Consider the redistribution of economic welfare under a retaliation scenario. In withdrawing concessions the retaliating state exchanges an economic welfare loss from the products it will not be importing for the political benefits of restricting access to its markets.[67] Crucially, however, the export industry denied access by the initial infringement reaps no windfall from this protection, whilst the export industry burdened by countermeasures had not been benefitting from in the breach.[68] As such, the only “equivalence” which is realised is that in political support for the member state governments, who “restore in a negative way the symmetry of the initial positions.”[69] Since, by contrast, the economic benefits and burdens accrue inequitably within domestic polities, retaliation is able to restore governments’ aggregate political support but not the economic benefits of free trade enjoyed by particular citizens. The liability rule’s characterisation of retaliation as a compensatory measure is therefore blind to the locus of the initial economic loss.

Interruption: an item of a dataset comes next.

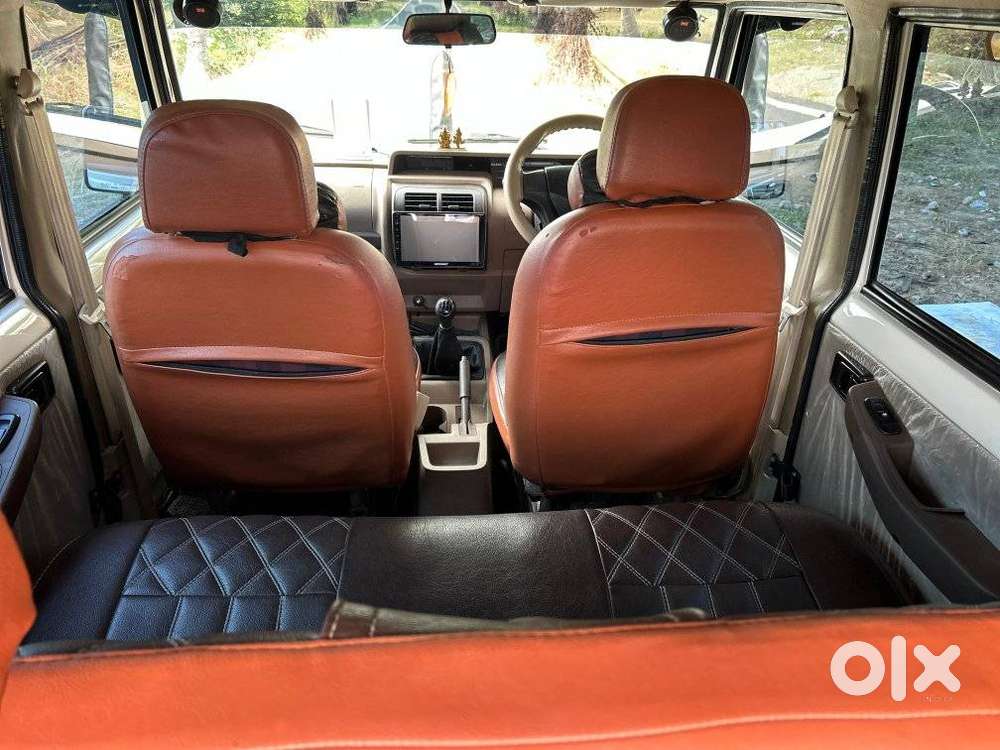 Mahindra Bolero B6 (o), 2022, Diesel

Analysis of the liability rule thus reveals that its exhortation that “the WTO enforcement regime need[s] to be understood… as a balance of negotiated concessions, not primarily as a set of legal rules”[70] is so economically disastrous that it ought to be abandoned. Concomitantly, its conflation of political welfare and economic welfare reveals a debilitating pathology in international trade law which treats the existence of an agreement as more important than the performance of obligations.[71] Thus the liability rule fails to comport well with the increasingly legalised and juridical character of the WTO.[72]

(e) Compliance: A domestic analysis

It might appear that we are in a double bind in trying to understand the role of countermeasures in the DSU; the equivalence requirement seems to hinder compliance, yet the liability rule countenances redistributive inequality and welfare diminishing deliberalisation. Ironically, the liability rule’s myopic concentration on governments at the expense of citizens suggests a solution by highlighting the need to examine compliance problems at the level of domestic politics.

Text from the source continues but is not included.